Resulta que en tiempos de catástrofes globales atribuibles al cambio climático –la nueva conciencia de la humanidad–, Venezuela lejos de contribuir con sus exitosas prácticas y experiencia acumulada en asuntos relativos al medio ambiente natural, se ha convertido en los últimos tres lustros en uno de los peores ejemplos de la contemporaneidad, tal como se desprende de alarmantes noticias sobre contaminación de suelos por manejo inapropiado de residuos y desechos, depredación que atenta contra la biodiversidad y desforestación de frágiles ecosistemas como consecuencia de actividades mineras desarrolladas al margen de la ley –no solo se violan leyes y tratados, sino además se incumplen compromisos éticos con el mundo que nos rodea y sobre todo con las nuevas generaciones–.

No hay duda de que en materia ambiental se habían cometido errores, que hubo fallas en la planificación y seguimiento de actividades importantes, que había mucho por hacer en numerosas regiones geográficas del país, pero esto que hemos visto en años recientes, no tiene perdón, tampoco comparación ni justificación alguna.
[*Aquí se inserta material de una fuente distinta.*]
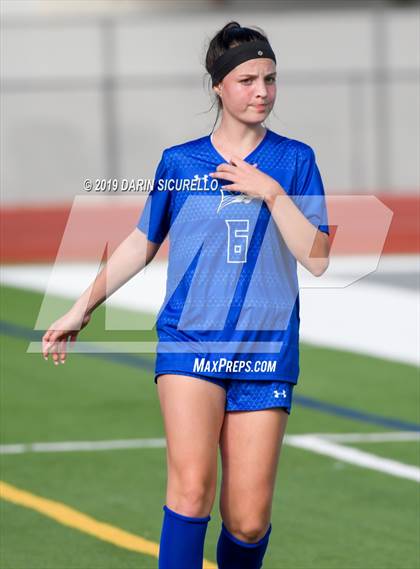 Thumbnail 3 in Queen Creek vs Chandler (Coyote Classic Tournament) photogallery.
Las ocupaciones ilegales de fincas productivas en los llanos centro-occidentales y demás regiones del país, han sido otro gran fiasco del régimen imperante; la flora, la fauna y las bellezas escénicas de tan amplios territorios, han sido severamente laceradas por el efecto de las políticas públicas instrumentadas desde que se puso en vigencia la nueva legislación de tierras y desarrollo agrario.

Una cosa es que no haya podido cumplirse al pie de la letra aquella tan optimista predicción esbozada en el llamado Gran Viraje –el VIII Plan de la Nación de 1990– y otra, muy distinta, es que como nación hayamos hecho en los últimos 20 años de desgobierno, todo lo contrario en detrimento de nuestro propio bienestar –transcribimos el texto y dejamos a nuestros amables lectores la conclusión a que haya lugar–: “…Un recorrido del territorio venezolano a comienzos del siglo XXI permitirá, a quien habiendo conocido el país se ausente y lo visite nuevamente, observar un medio ambiente contrastante con el actual, con una plenitud natural y sin la presencia de degradaciones en sus componentes. Venezuela estará entre los países líderes en el respeto a la ecología y en el rescate de áreas que por diferentes razones sufrieron en el pasado niveles intolerables de contaminación…”.